The Atlantic published an article on Monday suggesting we, “Declare a pandemic amnesty” and forgive one another for what we did and said during the pandemic.
Journalist Emily Oster would like us to forget that they told us we were killing our grandmas. Forget that they suggested we be shunned from society. Forget that they said if we got Covid, we deserved to die.
Forget that they stopped military pilots from flying and forced thousands of our men and women in uniform out of service.
Forget they wanted to keep us from religious services.
Forget that medical professionals, first responders and every day citizens lost their jobs.
Forget that a 15-year-old boy killed himself because he was bullied for being unvaccinated by tormentors emboldened by leftists.

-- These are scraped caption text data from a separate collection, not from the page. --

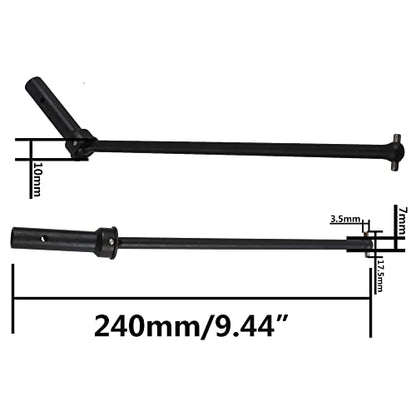 2Pcs Vgoohobby Steel Front/Rear Drive Shaft Joint CVD Shaft Axle Compatible with Arrma 1/5 KRATON 8S BLX Outcast 8S BLX RC Truck Car Upgrade Parts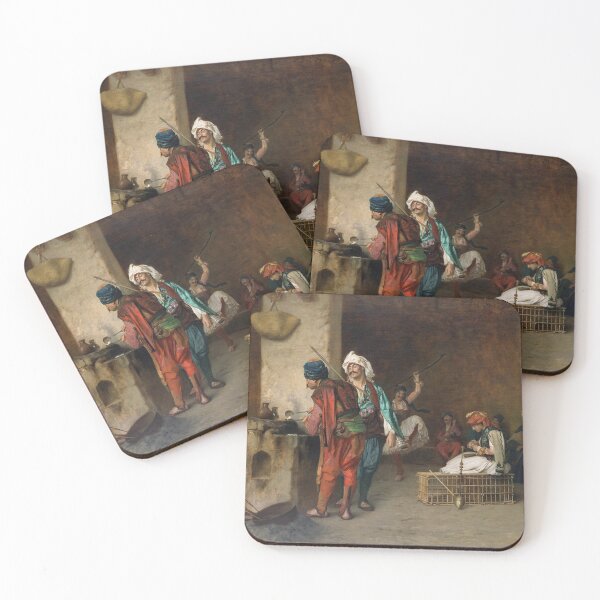 Item preview, Midle Eastern Kitchen vintage art - Jean-Léon Gérôme designed and sold by Vintage Designs +.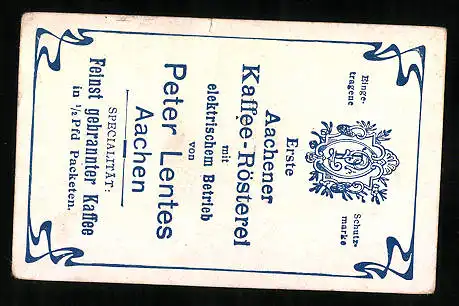 Sammelbild Peter Lentes, Aachener Kaffee-Rösterei, Post in Anam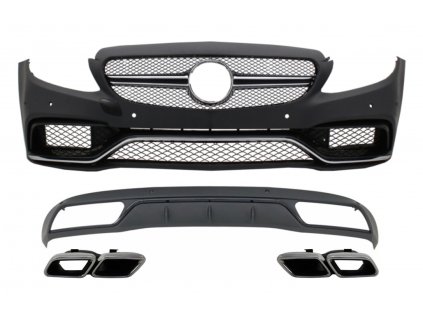 b2b front bumper diffuser with muffler tips chrome 6000114 6068389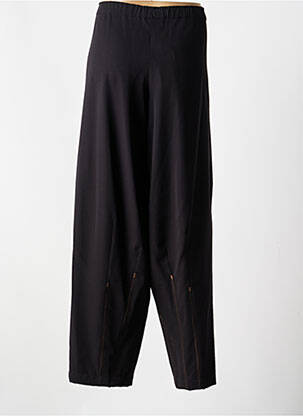 Pantalon drept talie elastică maro CREA CONCEPT femeie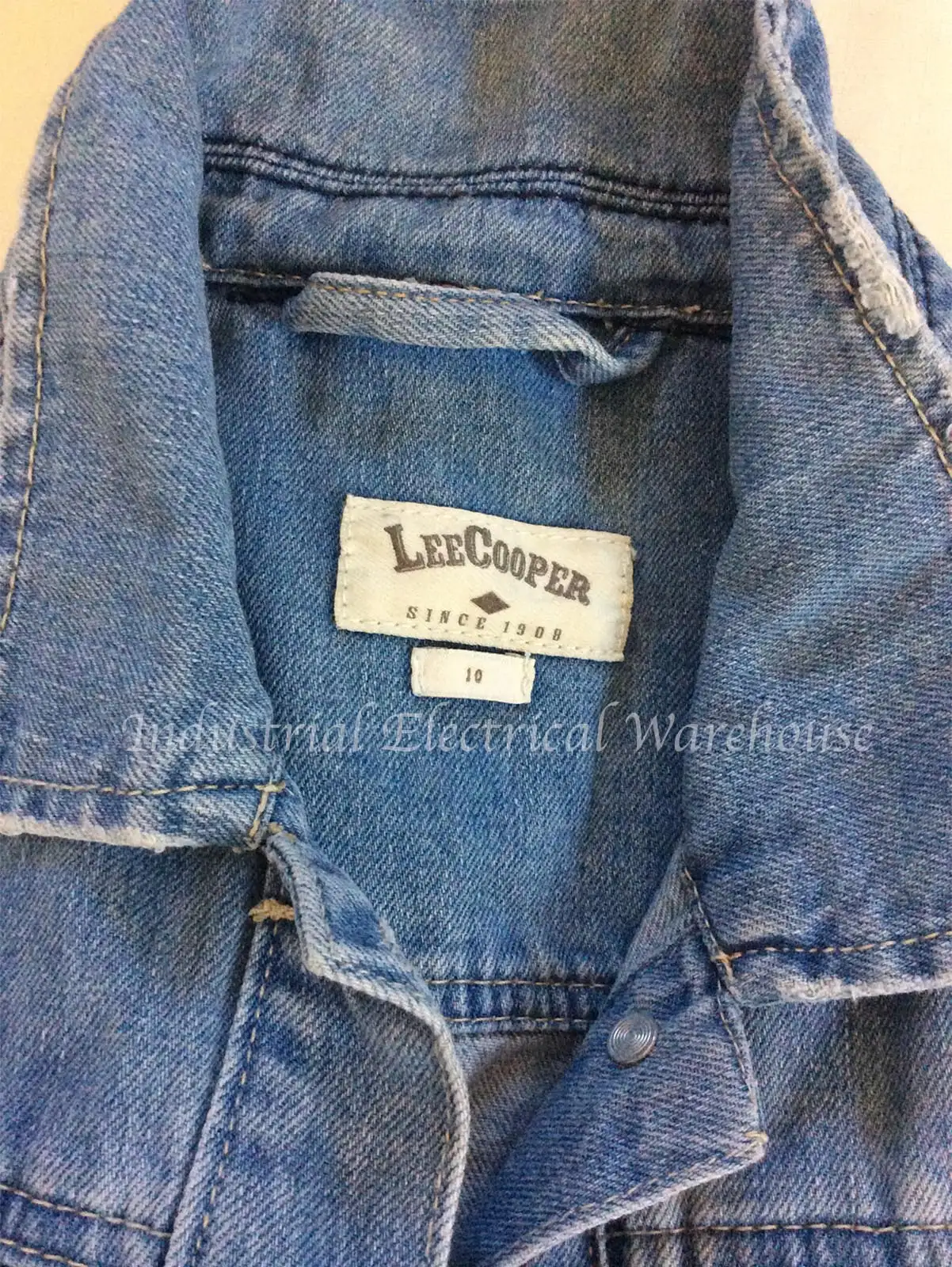 Lee Cooper Denim Vest Sleeveless Size 10 – photo 3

Forget that life-saving medical services were withheld for being unvaccinated.
Forget they denied life-saving medications to Covid patients.
Forget that our loved ones died without any family members at their side.
Forget that they lied about the origin of the virus.
Forget that they blocked effective treatments for the virus and forced millions to take ineffective and dangerous vaccines!
They want us to forget they kept us from visiting elderly family members while ghouls like disgraced former New York Governor and vax pusher Andrew Cuomo allowed thousands to die alone in nursing homes. They locked our senior citizens away in their most vulnerable state and kept the people they wanted, needed and deserved to have with them, away. But amnesty.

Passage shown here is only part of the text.